Which brings us to the daughter-mother-grandmother bond you should be watching in 2018: Jane the Virgin. Let’s enjoy the opening scene of this delightfully over-the-top telenovela.

A twinkly-eyed narrator introduces our heroine, ten year old Jane Gloriana Villanueva. In her hands is a beautiful white flower, which her abuela (grandmother) instructs her – in subtitled Spanish – to crumple up. The now shrivelled brown flower is a metaphor for Jane’s virginity. Once it’s gone, Alba says ominously, ‘you can never go back.’

Watching from the sidelines is mum Xiomara, who got pregnant with Jane at 16. It would be so easy for the show to go down the route of creating a one-dimensional ‘slutty Xiomara’ versus ‘pure Jane’. Credit to the writers: they don’t.

Yes, Jane is a Catholic who respects and loves her abuela. And yes, Jane is a twenty-something who has a boyfriend and sexual desires. She is a three-dimensional character with complex emotions and choices to make. Jane chooses to remain a virgin until she is married and holds out for a man who respects that.

The pilot leads us straight into the plot as only this show can, as Jane – still a virgin, remember – is accidentally artificially inseminated with the sperm of her boss. Got that? Another complex choice. To go ahead with the pregnancy or terminate? Catholicism plays a big part in Jane’s moral compass, but it isn’t her only influence. ‘Would you have had me?’ she asks her mum. ‘I’m glad I had you,’ Xiomara says. ‘That’s not what I asked.’ ‘I know.’


Jane has a timeline for her career, whether she chooses the practical (‘teacher’) or brave (‘writer’) option. She doesn’t want to mirror her mum, getting pregnant too young. ‘I derailed her life,’ she acknowledges. ‘I don’t want my kid to feel like that, ever.’ Jane always has a choice, and her mum supports her to take her own direction, giving her abortion pills, because ‘having a choice helps, whatever you decide.’
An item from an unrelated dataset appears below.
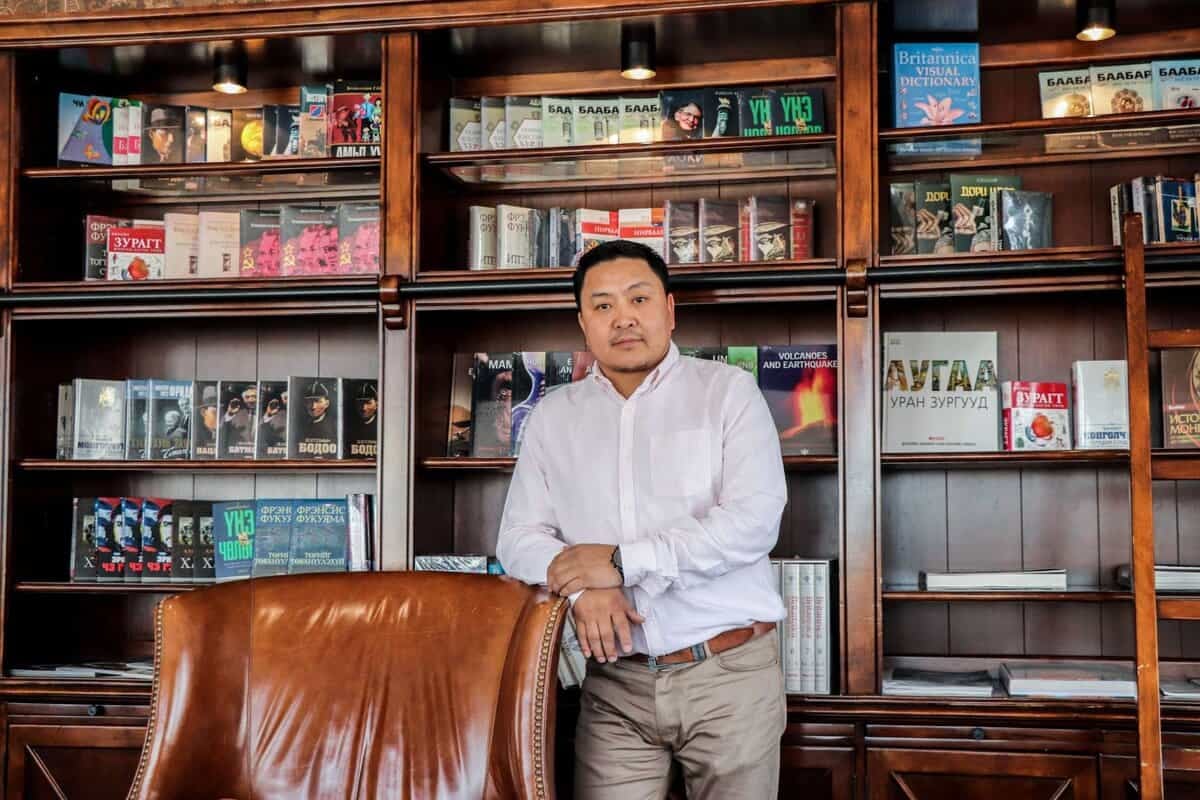 Цагаан цамцтай эр номын санд ардаа номын тавиуртай савхин сандлын хажууд зогсох нь энтрепренерийн дэгжин итгэлийг илтгэнэ. - Business.MN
Just like Xiomara, Lorelei Gilmore wants a different life for her daughter. But whereas Xiomara gifts Jane choice, Lorelei wants Rory to ‘do all the things that I never got to do.’ She fills their house with books, TV, film and music, so that her likes become Rory’s too.
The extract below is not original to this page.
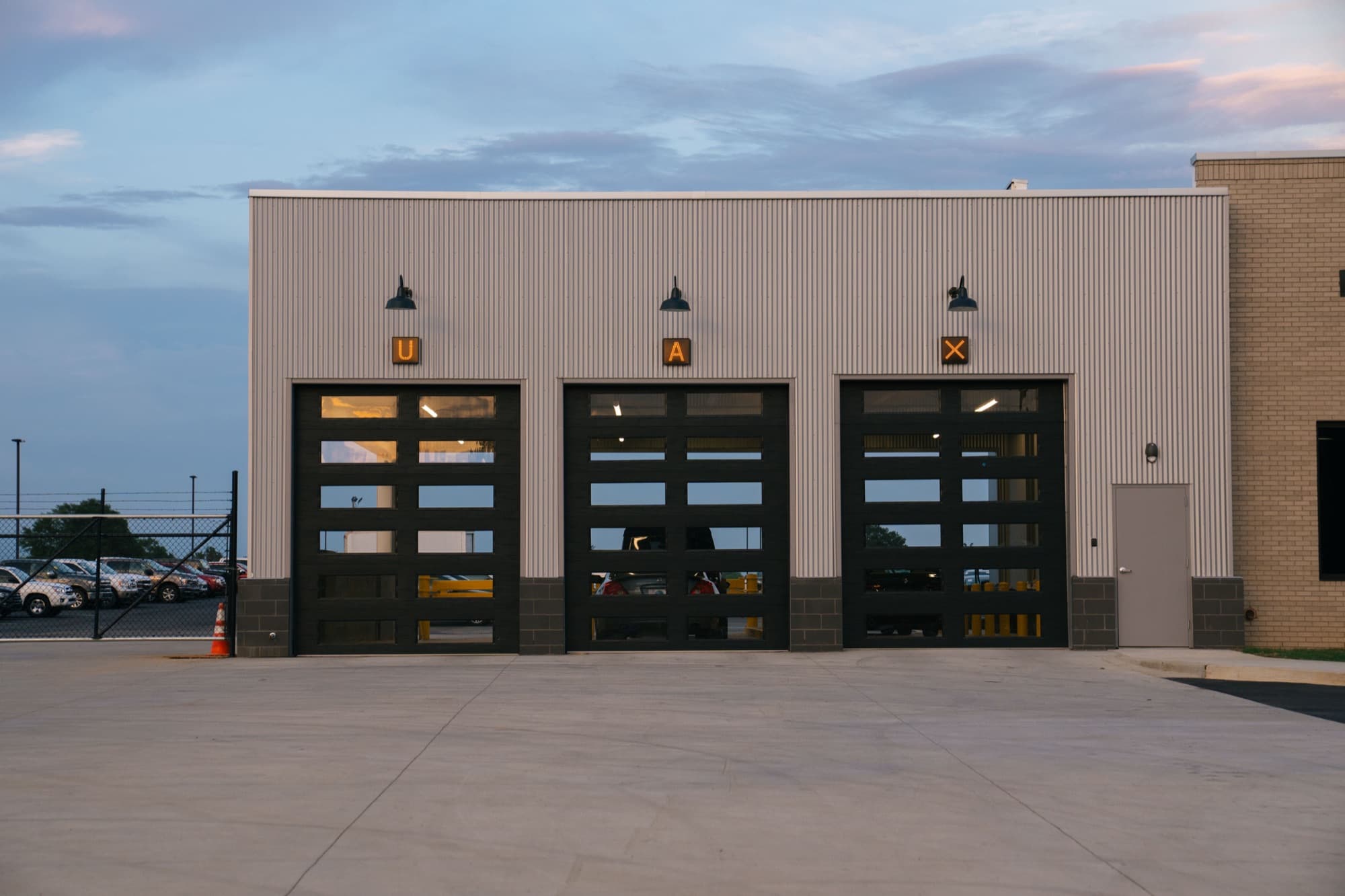 UAX letters mounted on three garage bay doors at dusk.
Just like Jane, Rory consciously doesn’t want to ‘mess up her life’ by having casual sex. But whereas Jane can openly express her sexuality, it is a source of shame for Rory. As a teenager, she loses her virginity to a married man, and the one-night-stand she has at 32 years old – twice the age Lorelei got pregnant at – is traumatic for her. She confides in the only person she can: her mum.


From childhood to adulthood, Rory remains a mirror of her mother. Even her name (short for Lorelei) tells us that they have an unhealthy codependency. It is almost impossible for Rory to create a life that is truly her own, even at college, because the two cannot exist without each other. While Rory avoids seeing it, Lorelai knows they share one identity. As early as the pilot episode, Lorelei says ‘after all, you’re me’. ‘I’m not you,’ Rory responds uselessly.

At the end of season seven, we leave Rory jetting off to join Barack Obama’s presidential campaign. But the final season, which aired in 2016, closes the loop for Rory Gilmore. Living away from her mother she is flailing, lacking in common sense and – to be blunt – not a good person. Unlike Jane, she has no moral compass. Unlike Jane, she lacks the autonomy to make good choices. Drowning further in the very identity crisis that characterises her, she starts to write ‘the Gilmore Girls’.

Jane makes her choice consciously. She goes ahead with her pregnancy, despite, and not because, it is the same choice her mum made. In contrast to Jane the Virgin’s opening episode, Rory’s unplanned pregnancy closes out the whole show. We are left to imagine Rory sleepwalking through any consideration of abortion, her rudderless future, repeating Lorelei’s experience of raising a codependent child, with no father in the picture.


Throughout the series, Jane grows as a person and as a writer. We see her flourish as an ambitious working mother, grappling with all the complexity and difficulty that motherhood, adulthood and womanhood bring. This is feminist television at its best right now. I can’t wait to see the ways Jane the Virgin will feel archaic in 2038. Bring on the TV revolution of the next twenty years.